Wednesday, February 23, 2011

Lock the locks and leave.

Alright, so, before everything bowls over in Radiohead-rage, becoming The National on the weekend, then begetting the new VETO album on Monday, let's not forget The Streets actually released a new - his last - album a few weeks ago! I sorta owe a bit of a run through on this, or at least a point out of the tunes I'm fond of.


Thing is, I quite like it, Computers & Blues. I mean, it's not A Grand Don't Come For Free by any means, but its kinship with the 2002 concept classic is pretty apparent, and I guess Im sort of having my The Streets-period right now. A The Streets period anyhow.


I quite like how his imminent retirement, at least under this alias, as I guess we all know Mike Skinner isn't gonna pack bags at Sainsbury's anytime soon, shines through in a few of the tunes, notably 'Without A Blink' and closer 'Lock The Locks'. The latter is pretty obvious, but the former also deals with the entire ordeal in a nice way, discarding the sentimentality for a new found wildness, and a determination to "go down town without thinking and shout over a drink", echoing the same sort of dilemma as 'When You Wasn't Famous' did on The Hardest Way To Make An Easy Living.

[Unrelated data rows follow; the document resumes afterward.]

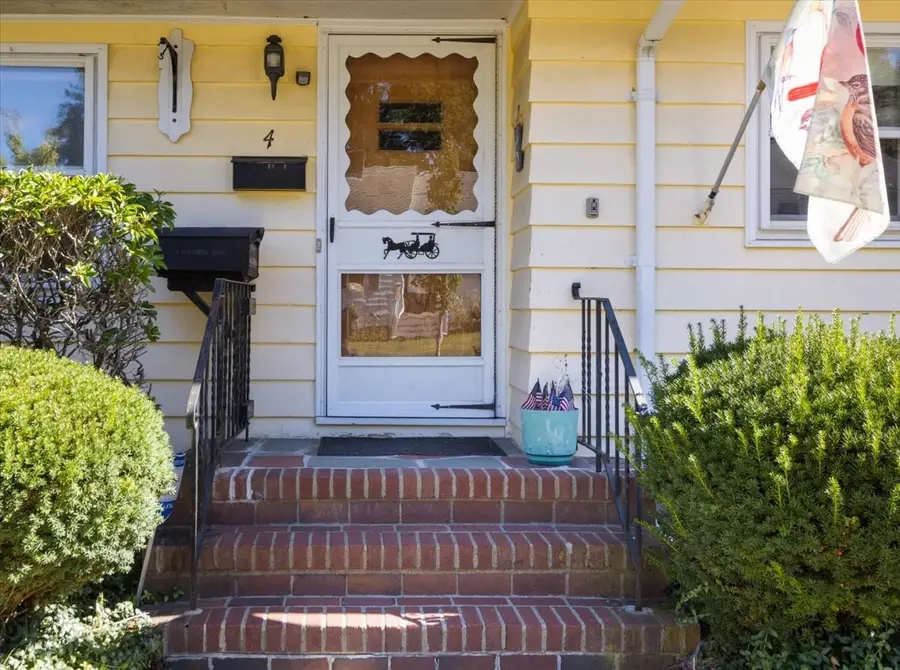 4 Oakhurst Rd, Beverly, MA 01915 - #2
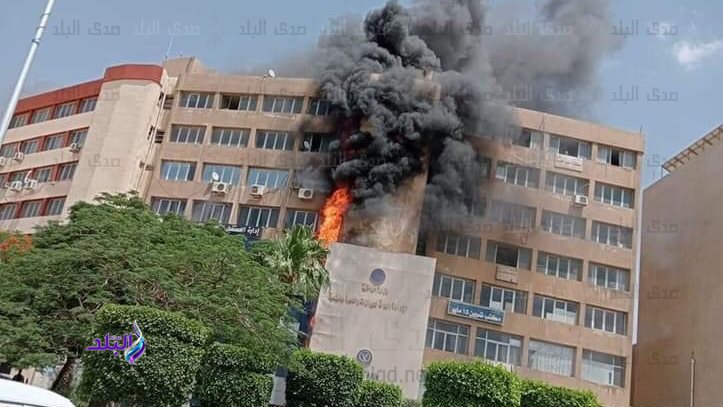 النيران تتصاعد من داخل الجهاز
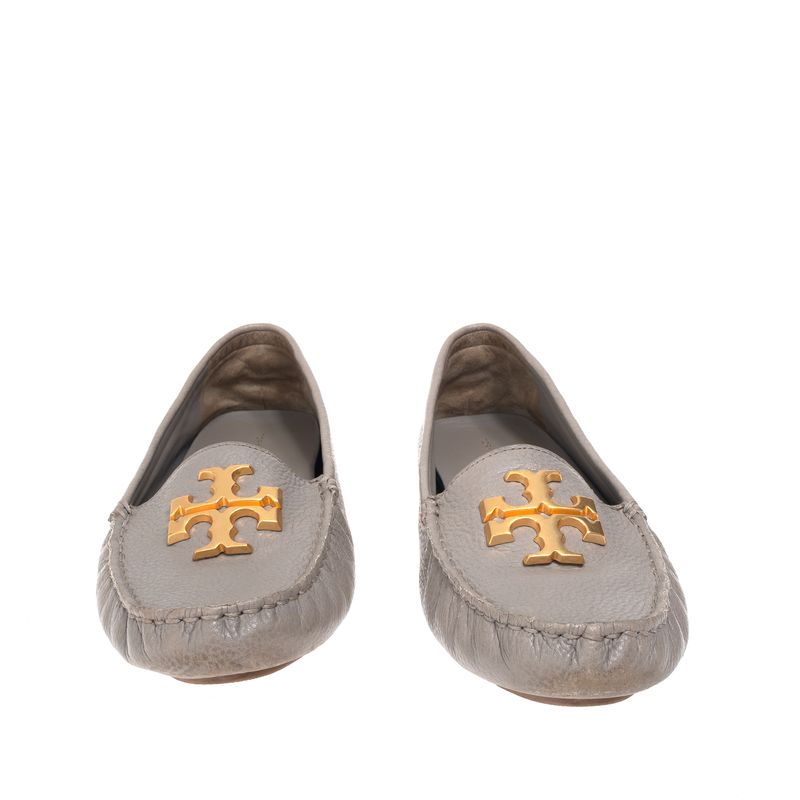 Mocassim-Tory-Burch-Couro-Cinza-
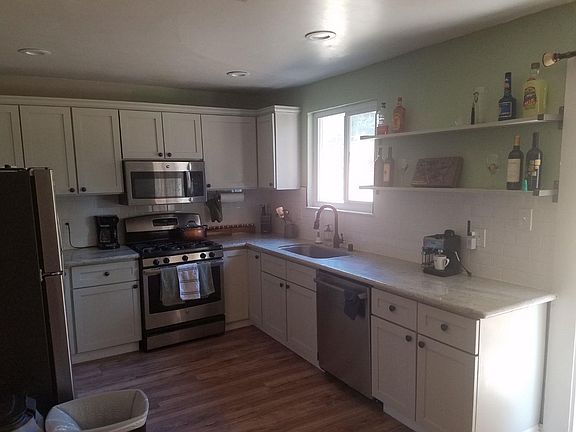 4th image of 6076 Georgia Dr
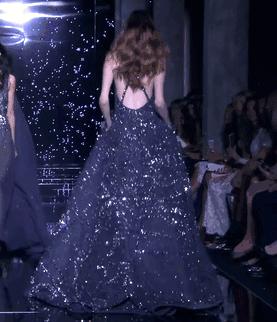 刘亦菲金裙子,刘亦菲穿一袭仙女裙现身活动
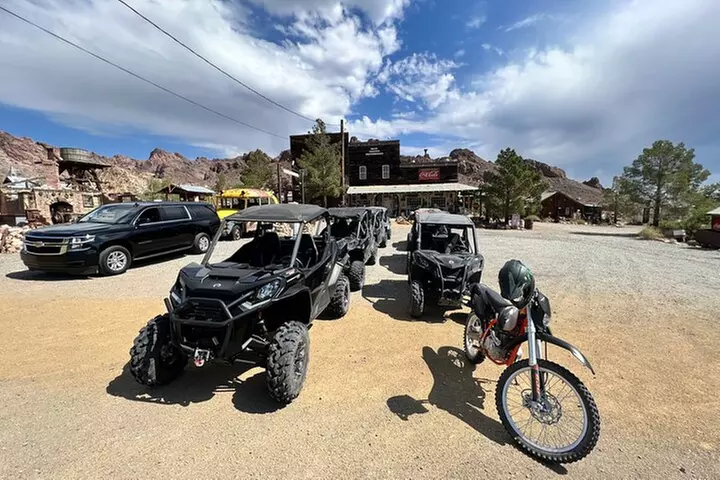Off Road Desert Adventure in 2-Seater CanAm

It's kinda hard not liking 'We Can Never Be Friends', which has the same heart-in-throat touch as the epic 'Dry Your Eyes' off the aforementioned A Grand Don't Come For Free. It's straightforwardness, in passages such as "the future lies in you seeing new guys", which is perhaps the one thing one just doesn't want to picture an ex-girlfriend or -lover doing, is pretty impressive, and once again Mike Skinner proves that he's one of the very few who can pull off such almost embarrassingly direct lyrics without making anyone's toes curl.

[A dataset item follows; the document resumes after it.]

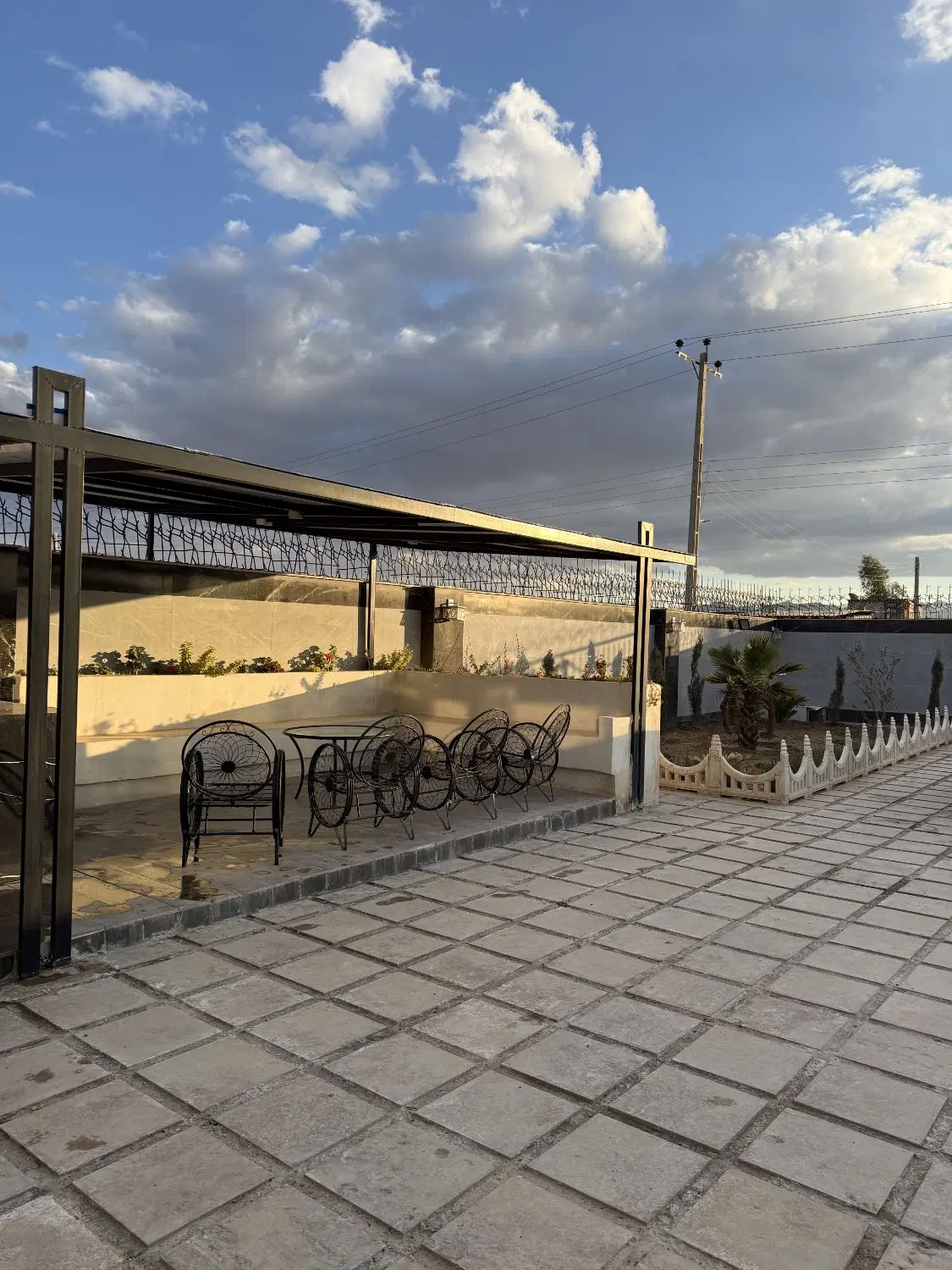 باغ شیک با کلیه امکانات و لوازم در زیار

And really, there are so many awesome lyrical parts on this album. Such as on 'Roof Of Your Car', where Skinner is ruminating on "electrical implants for the brain that simulate raving sensations", wondering what it might be like if one could "get fucked without hanging his health up. Would this be illegal? Would the Daily Mail rail on it?" And is it evil to have to escape daily life? Pretty big questions indeed. Or the pretty amazing quote: "I'm pretty good at puzzles, but puzzled by people" ('Puzzled By People'), which interacts with Bon Iver (purposedly?) lyrically ("so the story goes"). And then there are tunes like 'Soldiers' (where Skinner might, just might, be referencing to his legendary performance at Roskilde 2008 ("eighty thousand people in a state of rowdy fever, there will never be a sequel to this evening") and 'Outside Inside' which are just epic.


Yeah, you see, there's much to like on this album really. Go fetch fellas, it's a pretty decent case of closing down the office!